[WORK TO BE COMPLETED] Send back the records exactly as written, with no images.

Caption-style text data
──────────────────────────────
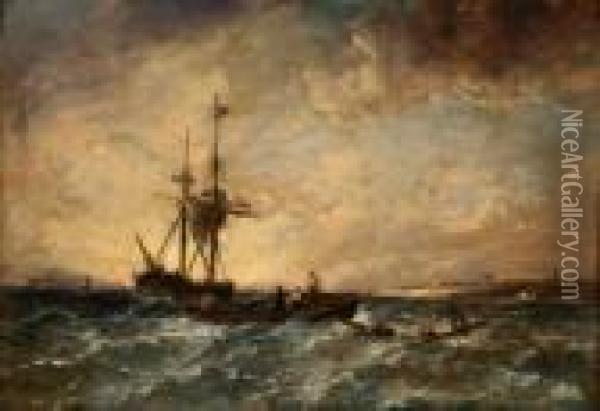 Ship In Distress On The High Seas Oil Painting - Alfred Vickers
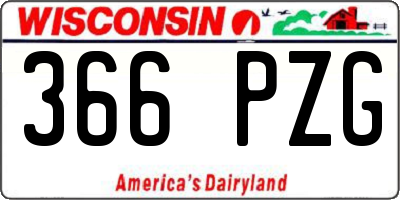 WI license plate 366PZG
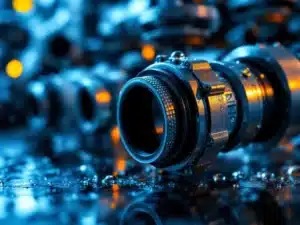 Industriële snelkoppeling mouwstukken met rubberen pakkingen en metalen klemmen, waterdruppels tonen lekpreventie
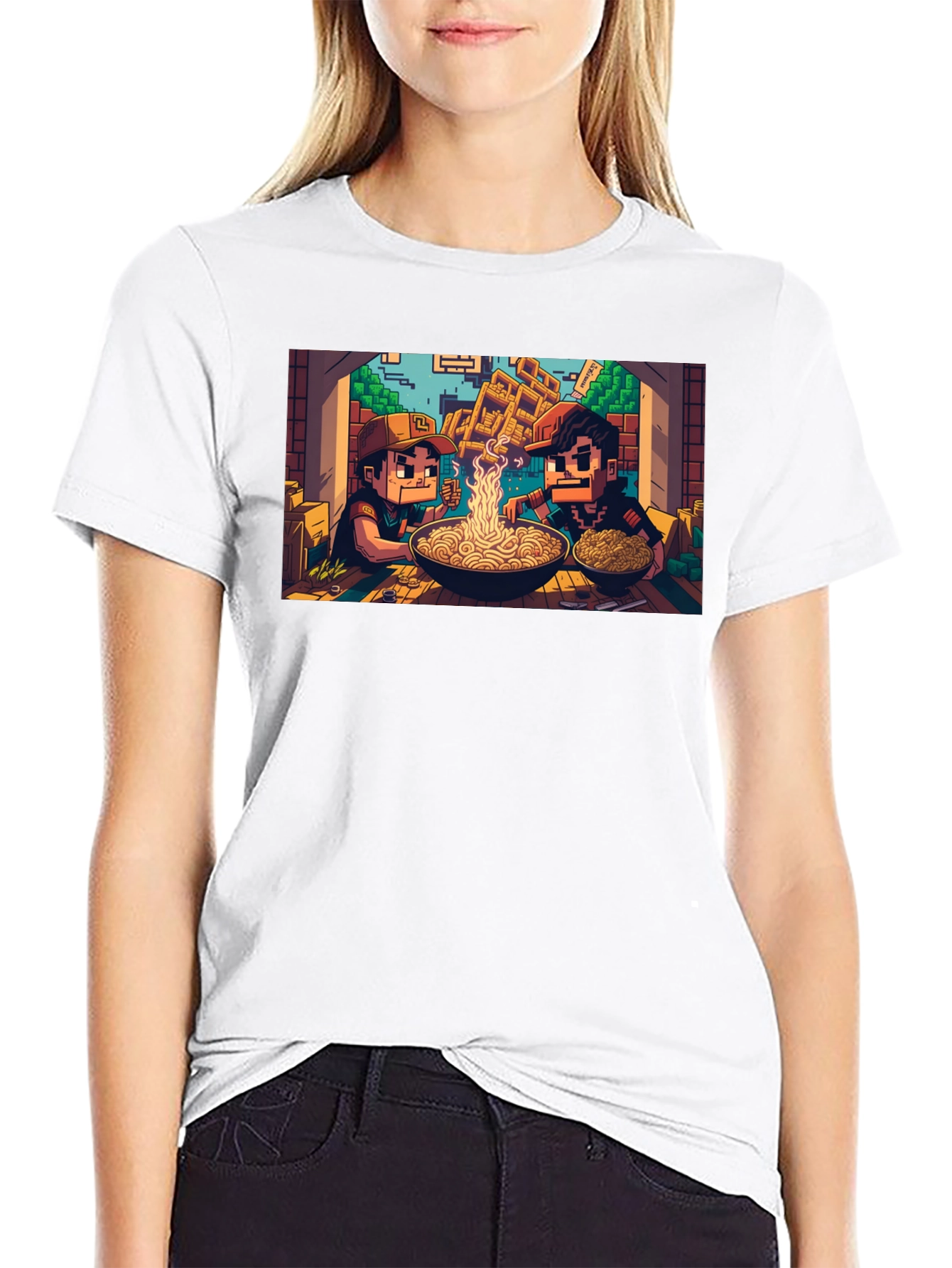Black Pixel Art Ramen T-Shirt view 9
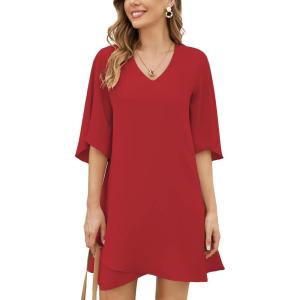 imageBELONGSCI Womens 2024 Summer Dress Sweet ampamp Cute VNeck 34 Bell Sleeve Casual Flowy Swing DressF3 Red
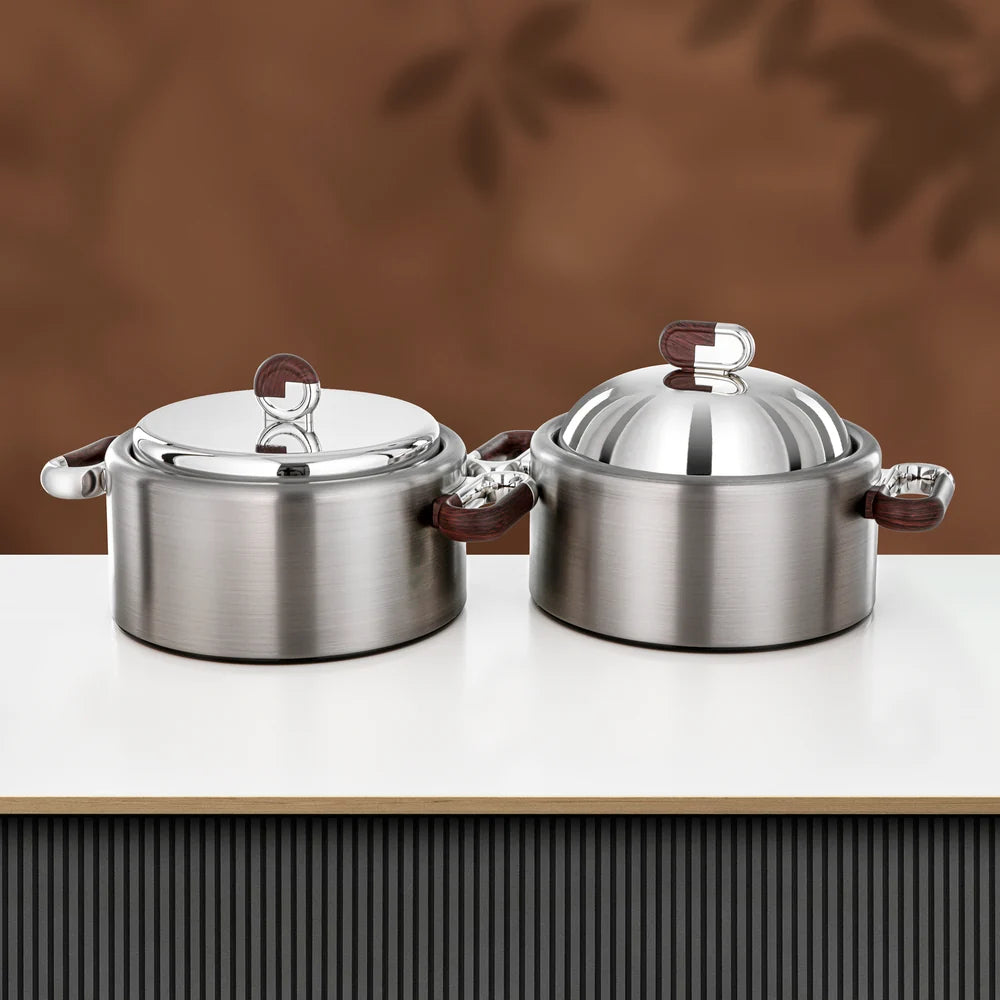 Almarjan 2 Pieces Hot Pot Set, Brushed Matt Silver & Dark Wood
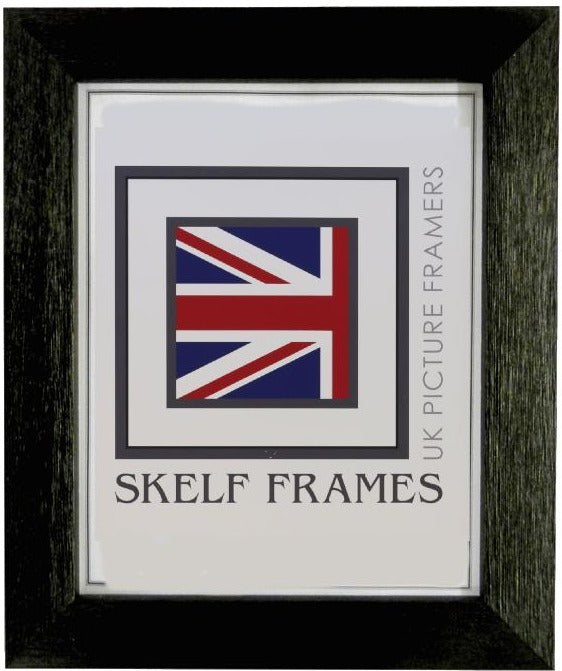 Wide Driftwood Effect Black Wood Frame - Metric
──────────────────────────────
[RESULT FOR THIS EXERCISE]
 Ship In Distress On The High Seas Oil Painting - Alfred Vickers
 WI license plate 366PZG
 Industriële snelkoppeling mouwstukken met rubberen pakkingen en metalen klemmen, waterdruppels tonen lekpreventie
Black Pixel Art Ramen T-Shirt view 9
 imageBELONGSCI Womens 2024 Summer Dress Sweet ampamp Cute VNeck 34 Bell Sleeve Casual Flowy Swing DressF3 Red
 Almarjan 2 Pieces Hot Pot Set, Brushed Matt Silver & Dark Wood
 Wide Driftwood Effect Black Wood Frame - Metric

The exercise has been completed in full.